Her current research has focused on the factors behind the USA economy’s slow recovery from the recession and she has written several scholarly articles on foreign exchange rate behavior and other topics.
The economist will be the second Fed board nominee Obama has put forward in recent months.
“She brings decades of leadership and expertise from various roles, particularly from her years as a leading economist and academic”.
Sen. Sherrod Brown of Ohio, the ranking Democrat on the Banking Committee, said Dominguez’s nomination “deserves a full, fair, and prompt consideration” in the panel, which has yet to hold hearings on Landon’s nomination under Chairman Richard Shelby, R-Ala.
Dominguez has an A.B. from Vassar College and a Ph.D.in Economics from Yale University.
If confirmed, she would fill a spot at the seven-member board that is now making do with just 5 governors.

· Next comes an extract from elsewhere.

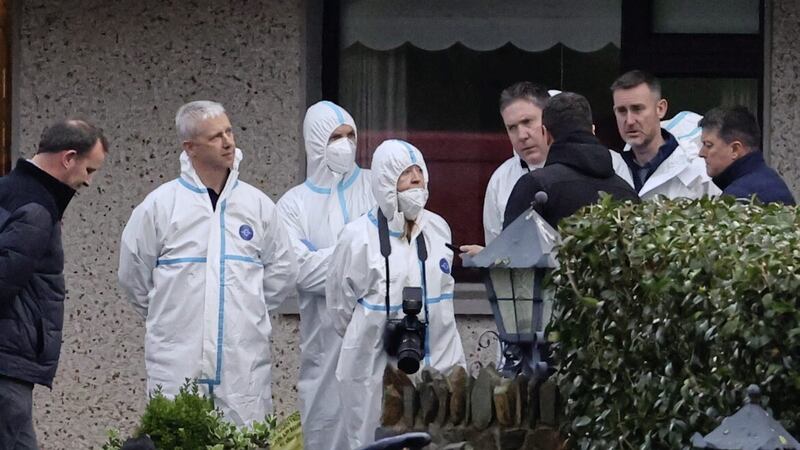 Forensic officers and gardai at a house in Castleblayney Co Monaghan, where the body of a man was discovered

Former Public Policy and economics professor Edward Gramlich served on the board from 1997 to 2005 and also chaired the Committee on Consumer and Community Affairs. In 2003-4, she was an academic visitor at the London School of Economics and Political Science and in 2008-9, served as a visiting professor at the University of California, Berkeley.
Kathryn Dominguez is a public policy and economics professor at the University of Michigan.
Fed governors are nominated by the president and confirmed by the Senate. Earlier in her career, Dominguez had stints at the World Bank, the global Monetary Fund, and the Bank for global Settlements.